In order to digitally transform and connect with customers in a different way, insurers are planning to invest more in customer-centric technologies, data security, digital communications and e-commerce or sales platforms. Indeed, in Asia – which relies heavily on the agency distribution model in many markets – Covid-19 has disrupted connectivity among insurers, agents and customers, and therefore a renewed investment focus on accelerating digital engagement with customers is needed.
Investment in data security is also essential as increasing digital innovation and changes to ways of working continue to give rise to new risks that insurers need to understand and manage. An investment in digital technologies should go hand-in-hand with a focus on relevant data privacy and security measures to ensure that enhancing the customer experience also involves protecting their data.
Recruiting suitable new talent and upskilling the existing workforce to excel in a digitally accelerated world is also critical in ensuring that the benefits from investments in digital initiatives and transformation are fully realised.
While KPMG professionals have seen great intent among insurance CEOs to invest in digital and operating model transformation, our view is that the sector is now at a pivot point where insurers have started to execute their investment plans, which is indicative of their optimism for their companies and industries in the coming years.
A renewed focus on ESG and sustainability
Another outcome of the pandemic has been the increasing prominence of environment, social and governance (ESG) and sustainability issues in the insurance industry. This is not just due to external expectations, but also because of intrinsic motivations among insurance companies and their leaders. There remains a continued focus on environmental and climate risk, with 90 percent of respondents looking to lock in the sustainability and climate change gains made during the crisis.
In addition, there has been a heightened focus on the ‘social’ component of ESG, with 98 percent of insurance CEOs shifting their focus to this aspect in their ESG programmes, compared to 64 percent in last year’s survey. It is encouraging to see more focus on ESG as the industry increasingly recognises the importance of the bonds created by insurers and their employees, the environment, society, and the responsibility that the industry has as a pillar of the community.
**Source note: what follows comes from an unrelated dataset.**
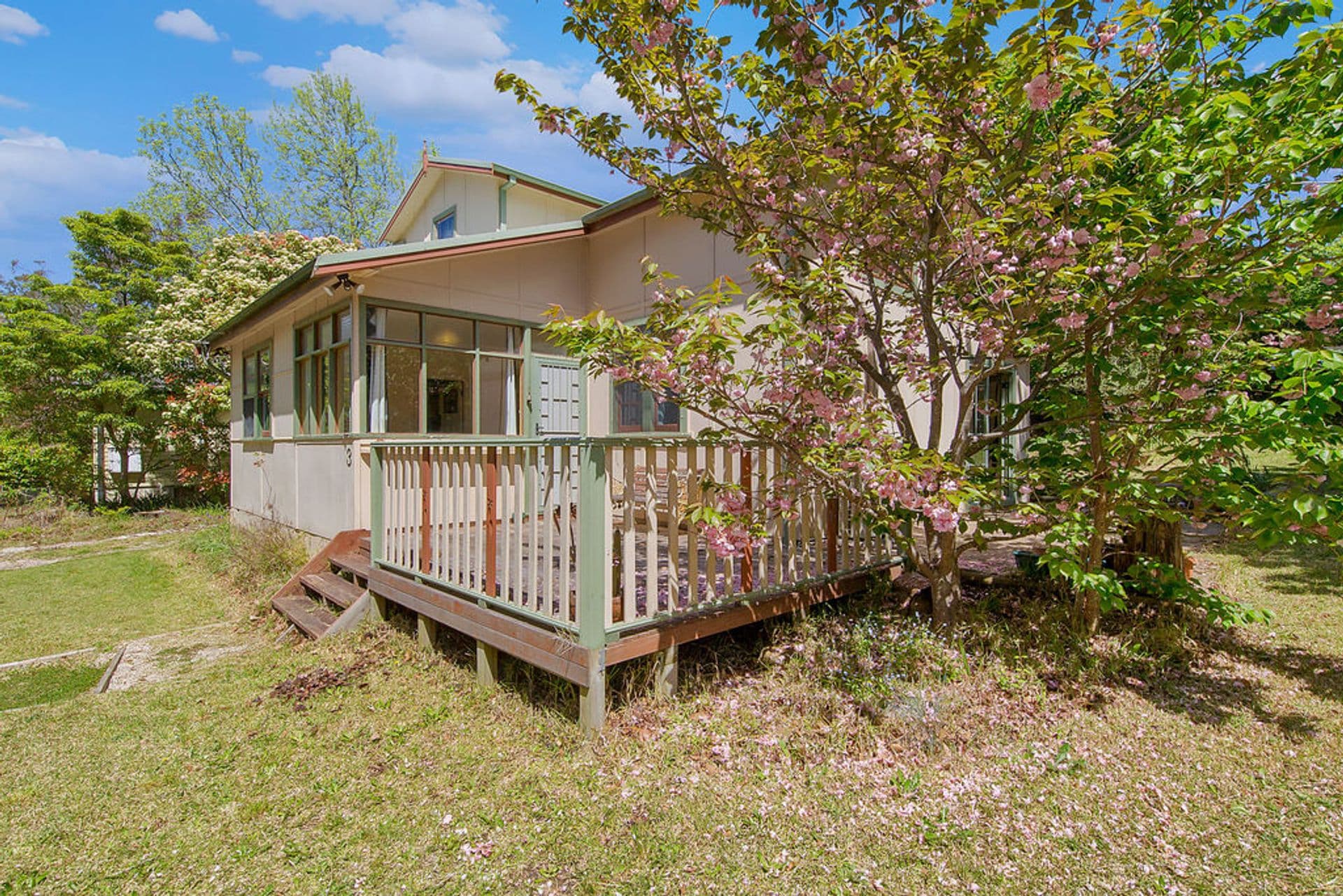 3 Genevieve Road, Bullaburra, NSW, 2784, Bullaburra - Thumbnail 2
A watershed opportunity for growth
Overall, insurance CEOs’ bullishness about the growth prospects of their companies and the industry is a positive sign. While insurers need to adjust to a prolonged return to normal and the emergence of a new reality, it is clear that their clients and the community recognise the importance of insurance. It is helping to create a solid platform for insurers to grow their businesses with the right products.
This is even more evident in Asia where there is still a large insurance protection gap. This is a watershed opportunity for insurers to continue to demonstrate their value to their policyholders and the societies they operate in, which should help them drive growth and succeed. The increased investment in digitalisation can help to accelerate the provision of access to individuals in Asia who are not insured and not even part of the financial ecosystem. The ability to digitise quickly and effectively will also help insurers to increase connectivity with a wider range of customers in Asia, strengthen their resilience to business disruption, and ultimately gain a competitive edge.
The views and opinions expressed herein are those of author and do not necessarily represent the views and opinions of KPMG China or KPMG Asia Pacific.